Fetch User’s Own Activities (limit of 2 items)

This query demonstrates the use of edge depth parameters for pagination. The [:NEXT*0..1] part can be replaced with dynamic parameters to something like [:NEXT*' + skip + '..' + end + ']. Adjust 0..1 to whatever suits your needs.

MATCH (user:User {id: 1})
MATCH (user)-[:ACTIVITIES]->(latest:Activity)
MATCH (latest)-[:NEXT*0..1]->(item:Activity)
RETURN DISTINCT user.name as Source, item.actor as Actor, item.verb as Verb, item.object as Object, item.target as Target, item.published as Published
ORDER BY Published DESC

Fetch User’s Last 6 Activities from Followings

When fetching data from different users, it is necessary to use the LIMIT clause for pagination since the edge pagination technique only applies to single sources.
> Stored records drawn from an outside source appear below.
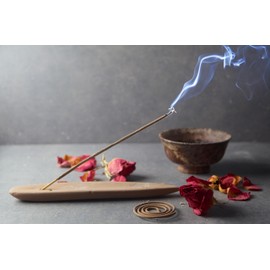 Cinnamon Apple - Box of Six 20 Stick Tubes - HEM Incense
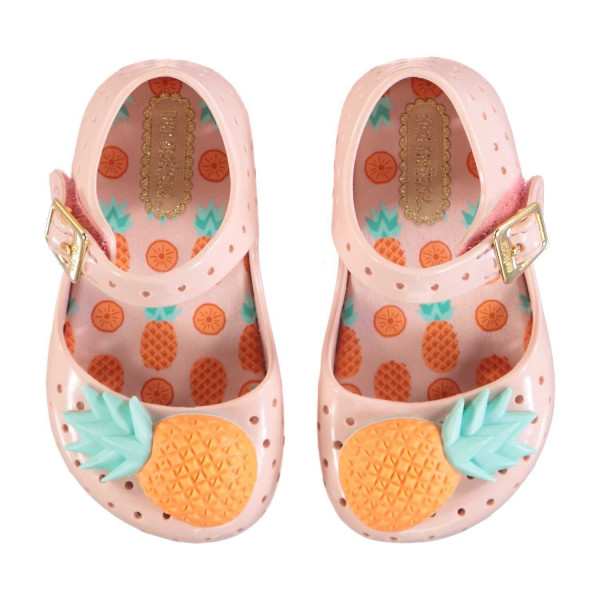 Mini best sale melissa pineapple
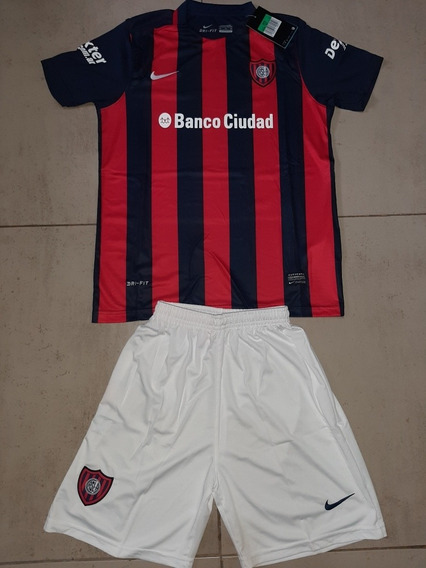 conjunto deportivo san lorenzo 2019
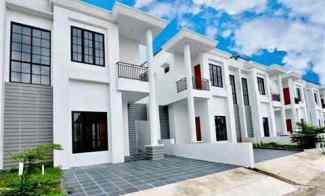 Rumah Murah Cluster Mewah Bekasi dekat Jakarta Ekonomis Srategis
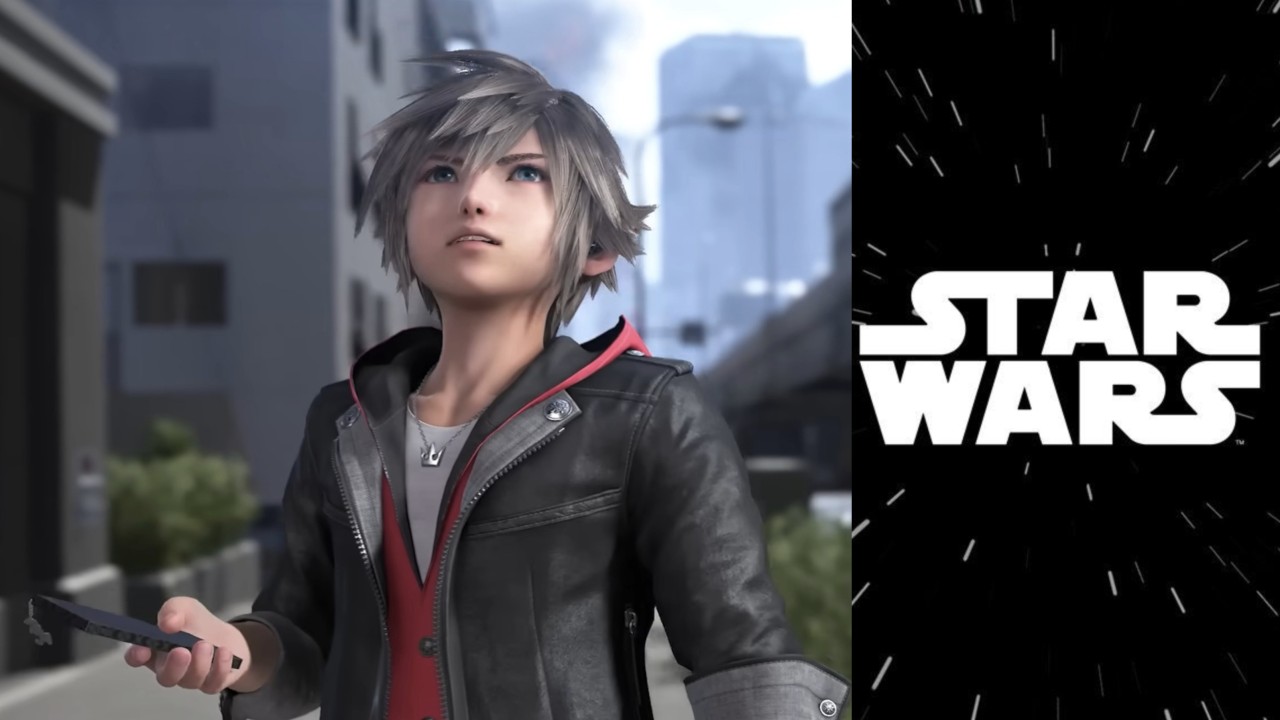 New Kingdom Hearts IV Leak Hints at a Star Wars Crossover Among Unannounced Disney Worlds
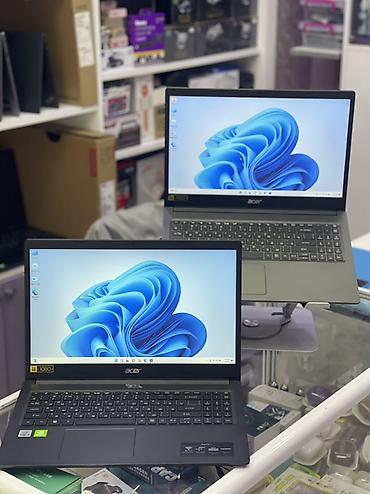 redmi pad 5: İşlənmiş Acer Aspire, 15.6 ", Intel Core i3, 512 GB, Ödənişli çatdırılma, Rayonlara çatdırılma, Ünvandan götürmə — 5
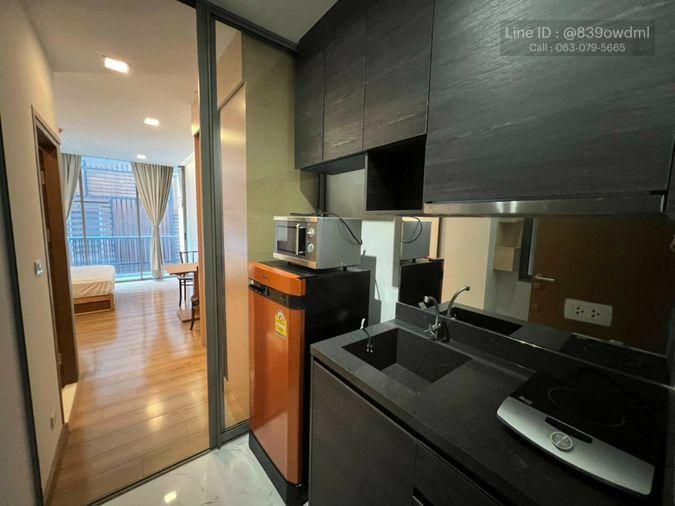 รูป ให้เช่า ห้องสวย โมเดิร์น มินิมอล ควอด สาทร | Quad Sathon MD-25024139 - รูปที่ 3/4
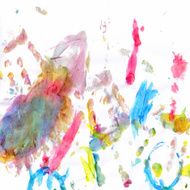 Abstract Painting N6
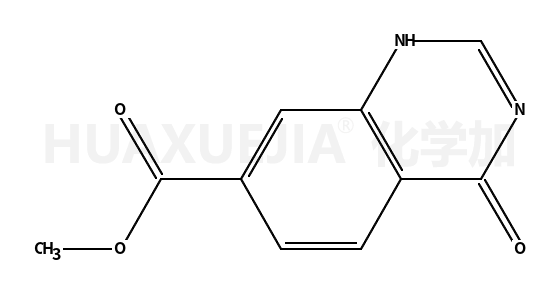 4-羟基喹唑啉-7-羧酸甲酯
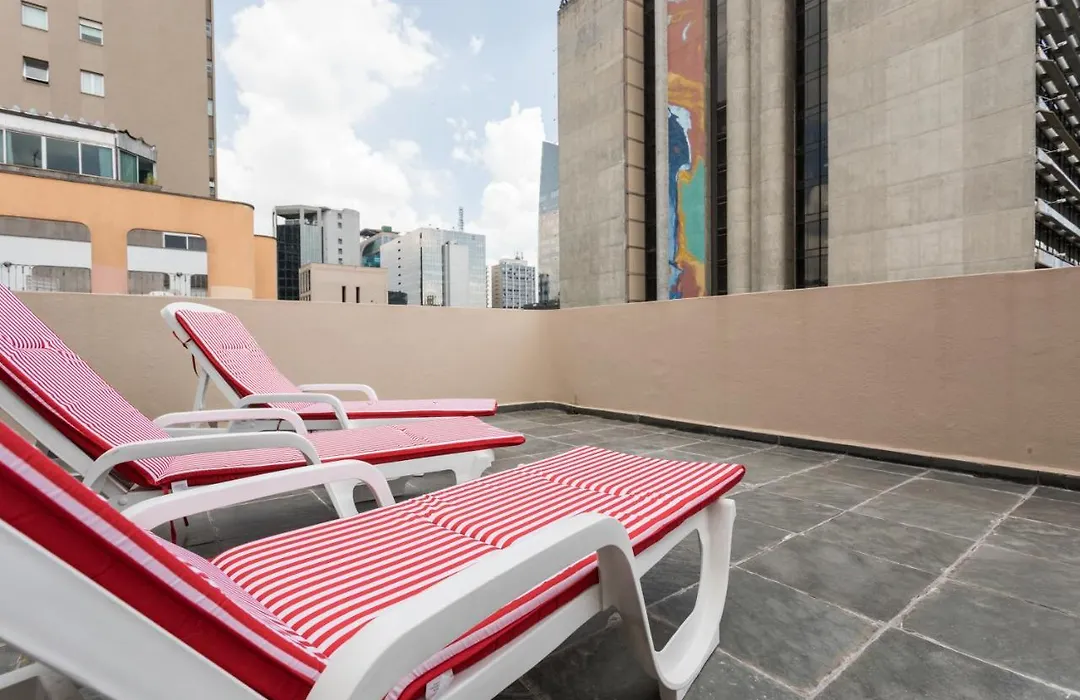 Paulista Flat-1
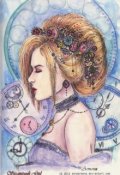 Обложка книги "Хранительница времени"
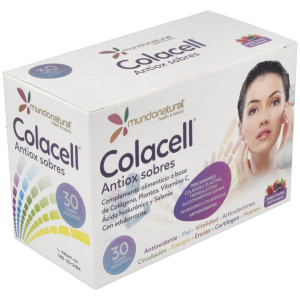 Mundo Natural Colacell Antiox 30 Sobres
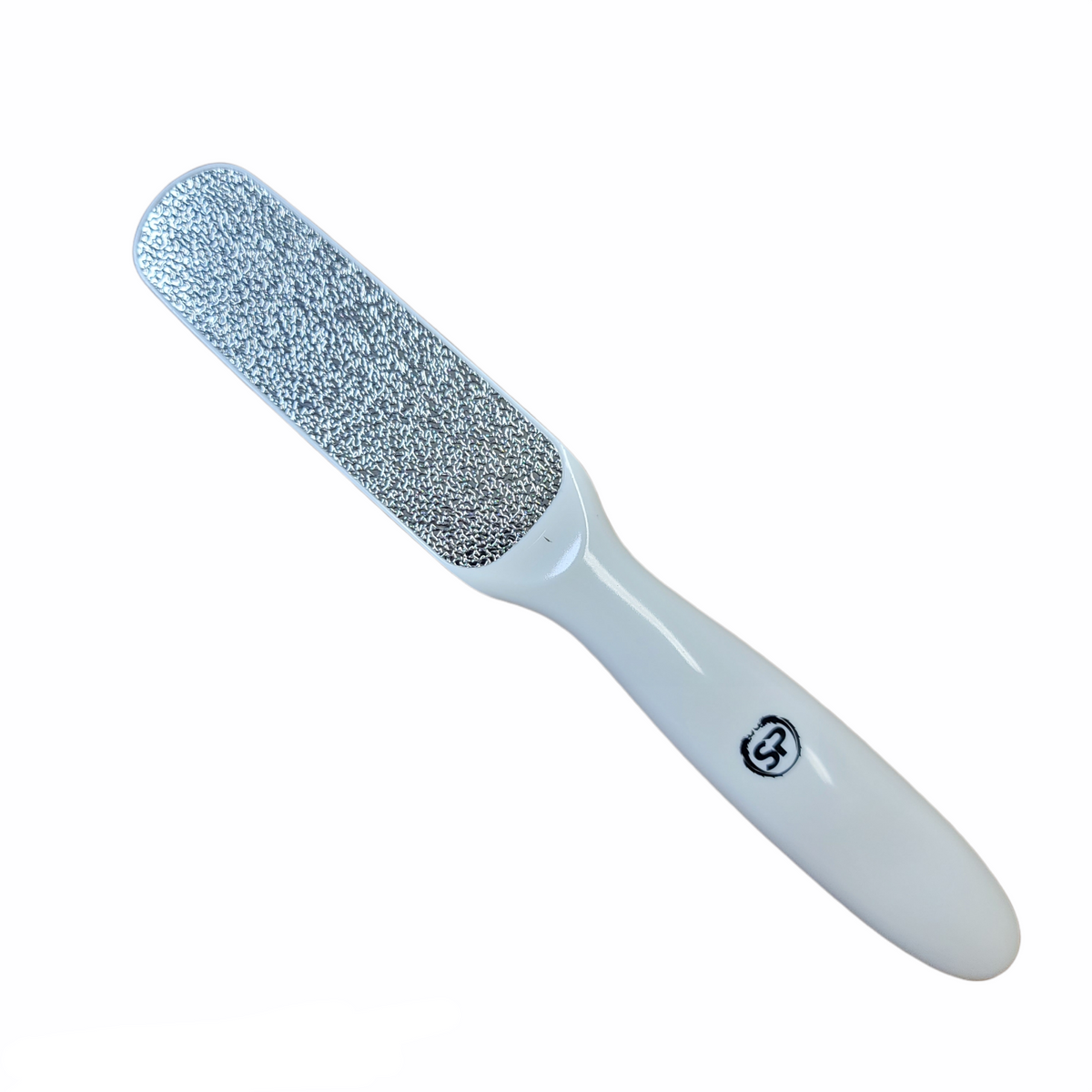 Foot File Metal Nickel Callus Remover 2 Side – Beauty Zone Nail Supply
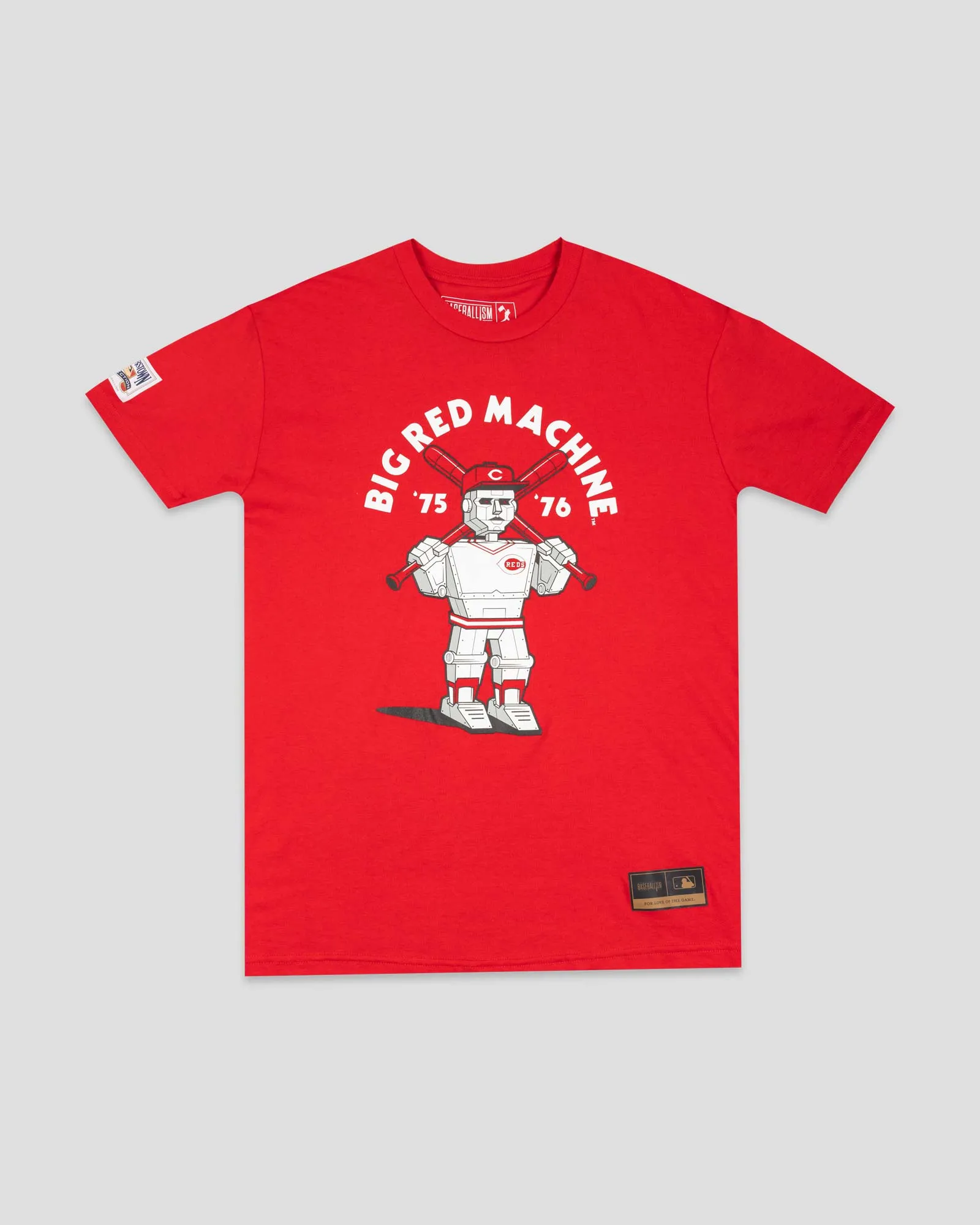 Evergreen - perennial Big Red Machine - Cincinnati Reds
The trick is to set the edge limits to the same overall page limit.

MATCH (me:User {id: 1})-[:FOLLOWS]->(following:User)
MATCH (user:User)-[:ACTIVITIES {type: "timeline"}]->(latest:Activity)
WHERE user.id = me.id OR user.id = following.id
MATCH (latest)-[:NEXT*..6]->(item:Activity)
RETURN DISTINCT user.name as Source, item.actor as Actor, item.verb as Verb, item.object as Object, item.target as Target, item.published as Published
ORDER BY Published DESC
SKIP 0 LIMIT 6

Insert New Activity

Inserting a new activity can be tricky because you have to create new relashionship and drop old ones not to break the activity chain.

MATCH (me:User {id: 1})
OPTIONAL MATCH (me)-[r:ACTIVITIES {type: "timeline"}]-(secondlatestupdate)
CREATE (me)-[:ACTIVITIES { type: r.type }]->(latest_update:Activity {id: 10, title: "Activity 10", verb: "like", actor: "User:1", object: "Photo:10", published: timestamp() })
DELETE r
WITH latest_update, collect(secondlatestupdate) AS seconds
FOREACH (x IN seconds | CREATE (latest_update)-[:NEXT]->(x))
RETURN latest_update.title AS NewActivity

Inspect the resulting graph:

MATCH (n)
RETURN n

Conclusions

This is by no means the ideal solution but is a good starting point to fulfill the basic requirements for my activity feed.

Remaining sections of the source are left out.